Empresário e bacharel em Ciências Contábeis, Bohn teve outras possibilidades profissionais, mas o gosto pelos números o manteve na área. Há 58 anos administra a LC Bohn Contabilidade, tendo testemunhado as mudanças na área. "Sou um grande empresário de pequenos negócios", disse.
Em entrevista ao JC Contabilidade, o dirigente conta um pouco da sua trajetória, dos desafios e das conquistas pessoais e profissionais.
JC Contabilidade - Como foi o início do escritório?
Luiz Carlos Bohn - Foi em 1967, eu tinha 21 anos, havia terminado o curso de técnico e começado a faculdade. Fui convidado pelo, na época, meu futuro sogro para trabalhar enquanto não começasse a Aman (Academia das Agulhas Negras) no Rio de Janeiro. Comecei a trabalhar e fui ficando. Não me arrependo de não ter sido militar. Tempos depois, comprei a parte dele, incorporei outros escritórios do interior do Estado, o que formou a grande clientela que temos no Vale do Caí. São 28 municípios, além de Porto Alegre, outros estados do país e no exterior.
Contab - Quais foram as principais mudanças daquele período para cá?
Bohn - Os profissionais de hoje não acreditariam. Em 1967, as máquinas que tínhamos eram apenas somadoras, não faziam cálculo, eram manuais, com manivela. Pelo início da década de 1970, surgiram as elétricas e, ali por 1980, a primeira máquina eletrônica. E foi evoluindo para o computador. O nosso primeiro computador foi há 36 anos, justamente quando entrou minha sócia, Lígia Helena Poersch. Tivemos o CP-500 da Prológica. Hoje temos programas que usam Inteligência Artificial dentro da sua plataforma. Eu diria que hoje fazer contabilidade, escriturar, não é o mais difícil com o sistema informatizado.
Contab - Há quem diga que a profissão de contador pode desaparecer.
Bohn - Não acredito. Temos coisas distintas, entre fazer o registro e tirar os informativos, que é o balanço e a análise destes números. Talvez escrituração, registro de débito e crédito para extrair o balanço e demonstração de resultados e os índices contábeis a máquina faça sozinha. Mas, essa parte que eu chamo de ciência contábil, a análise destes dados e da criação dos próprios programas, estes não serão substituídos pela máquina, precisam de profissional para analisar dados e dar a devida demonstração.
Contab - O perfil do contador está se modificando com a chegada dessas tecnologias?

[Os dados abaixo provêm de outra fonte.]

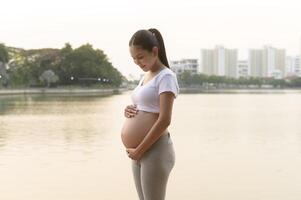 Portrait of Beautiful pregnant woman in the park, Healthy and active pregnancy lifestyle concept. photo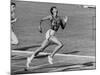 Wilma Rudolph, Across the Finish Line to Win One of Her 3 Gold Medals at the 1960 Summer Olympics-Mark Kauffman-Mounted Premium Photographic Print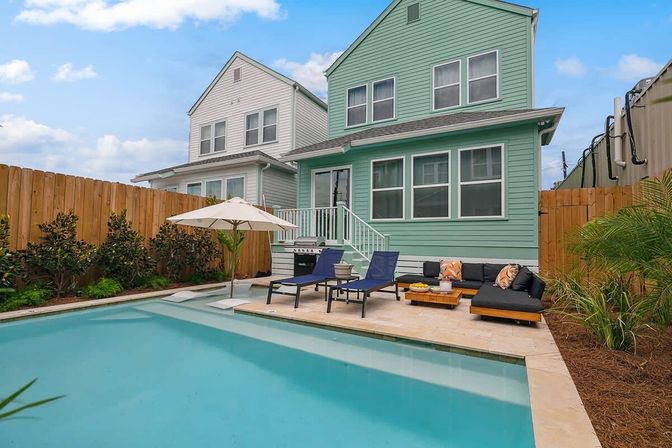 Cheerful turquoise two-story home with a rectangular backyard pool, sun loungers, umbrella and cozy outdoor sofa beside a wooden fence.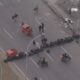Vista aérea de rua bloqueada por fileiras de pneus e dois contêineres vermelhos com pessoas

Bohn - Não só por isso. Somos mais prestadores de informações às autoridades porque, cada vez mais, o governo exige. Às vezes pedem de novo, e outros órgãos pedem a mesma coisa. Temos, por exemplo, programas que nos indicam quais foram as obrigações acessórias que foram cumpridas. Todas as segundas-feiras pela manhã eu recebo um relatório das obrigações acessórias que foram cumpridas ou não cumpridas por departamento, por pessoa e por tipo de obrigação. Essa é a nossa grande preocupação hoje: as plataformas têm dados abertos que servem para interpretação de várias situações e para fiscalização. Isso, cada vez mais, se fará através dos dados disponibilizados pelos contribuintes e pelas empresas. E precisa ser abastecido pelos contadores, pelos RHs. Muito mais do que ser um escriturador ou um analista de dados, o contador é um prestador de informações relevantes das empresas para o fisco, sob pena de multas altas, muito mais altas do que os próprios tributos, caso não sejam pagos. Cada vez mais entregamos informações digitais, não mais em papel, o que é bom. Por outro lado, essas obrigações se avolumam muito. Praticamente consomem todo tempo e custam muito dinheiro se não cumpridas.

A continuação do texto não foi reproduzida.